→ What you are asked to do: There is a line containing "Bearbrick Karl Lagerfeld 1000%" in the entries below. Repeat that line and every line after it exactly, and nothing more.

(Crawled caption data)
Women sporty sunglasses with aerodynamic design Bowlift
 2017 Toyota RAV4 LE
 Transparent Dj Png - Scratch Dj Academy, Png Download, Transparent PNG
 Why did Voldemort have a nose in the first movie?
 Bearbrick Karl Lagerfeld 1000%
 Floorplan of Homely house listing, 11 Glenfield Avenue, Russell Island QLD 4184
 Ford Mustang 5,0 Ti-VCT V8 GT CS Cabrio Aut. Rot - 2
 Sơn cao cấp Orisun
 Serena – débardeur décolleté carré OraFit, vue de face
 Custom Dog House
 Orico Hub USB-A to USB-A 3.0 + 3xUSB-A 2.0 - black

→ Result of this task:
 Bearbrick Karl Lagerfeld 1000%
 Floorplan of Homely house listing, 11 Glenfield Avenue, Russell Island QLD 4184
 Ford Mustang 5,0 Ti-VCT V8 GT CS Cabrio Aut. Rot - 2
 Sơn cao cấp Orisun
 Serena – débardeur décolleté carré OraFit, vue de face
 Custom Dog House
 Orico Hub USB-A to USB-A 3.0 + 3xUSB-A 2.0 - black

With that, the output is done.